NY Daily News - Journalists with both the Washington Post and the Guardian are organizing an important databases of fatal police shootings with information about the victims’ age, gender, location, race, and other circumstances. This is a tremendous step to shed light on the understudied question of how many people police kill.
The overall homicide rate is 5 per 100,000... Although official statistics have historically been scant, we now know that police killed 1,100 Americans in 2014 and 476 Americans in the first five months of 2015. Given that America has roughly 765,000 sworn police officers, that means the police-against-citizen kill rate is more than 145 per 100,000.
In most countries in Europe the national homicide rate is 1 per 100,000, so that means American police kill at 145 times the rate of the average European citizen. The two most violent countries in the world are Venezuela and Honduras with national homicide rates of 54 and 90 per 100,000.
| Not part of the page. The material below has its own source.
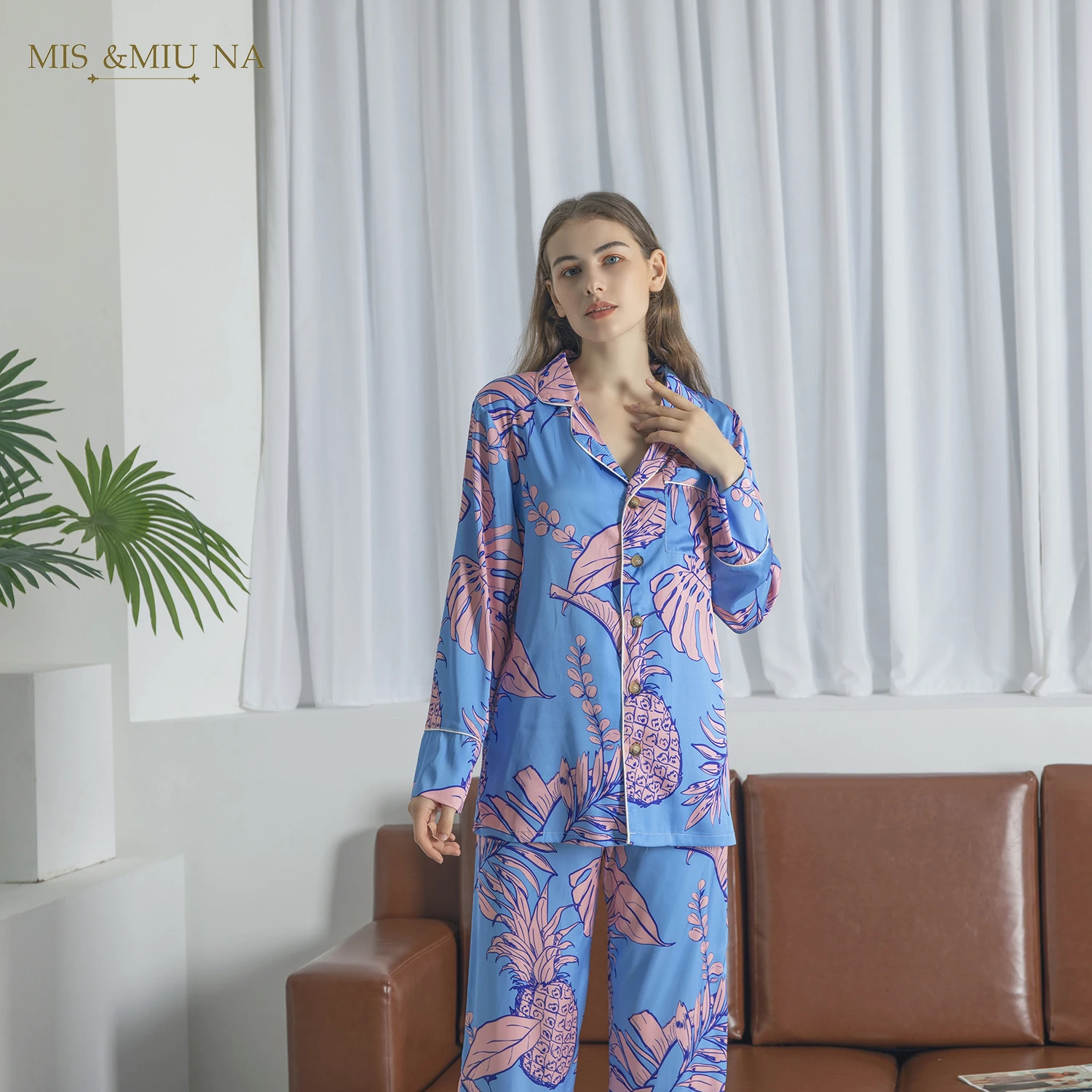 New Arrival Sky Blue Long-sleeved Satin Sleewpwear Pineapple Printed Silk Pajamas Set For Women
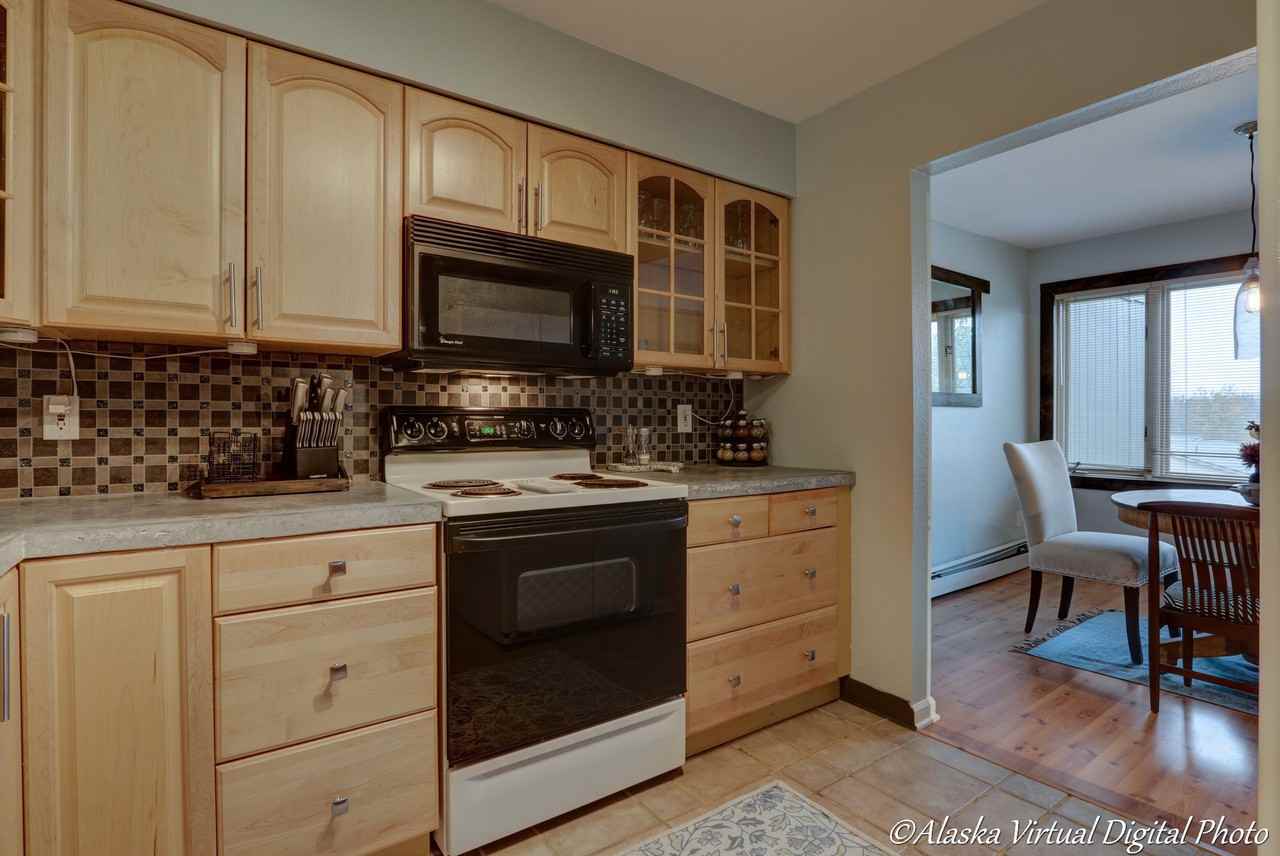 221 West 22nd Avenue - Photo 5 of 18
The American police kill rate also compares poorly to the police kill rates in other countries. Nationwide in England and Wales, Netherlands, and Scandinavian countries police average killing less than two people per year, giving police kill rates between a high of 9 per 100,000 in Denmark and a low of 1.6 per 100,000 in England and Wales. That means American police are killing citizens at a rate 15 times higher than police in Denmark and 90 times higher than police in England and Wales. For the first quarter of 2015, police in England and Wales have shot and killed a total of zero people, whereas American police killed 392 citizens in that time period. That rate is 205 kills per 100,000 police, infinitely higher than the zero in the land we once rebelled against for having standing armies on our soil. Last year police in Japan killed zero and police in Iceland reportedly have killed one person in their entire history.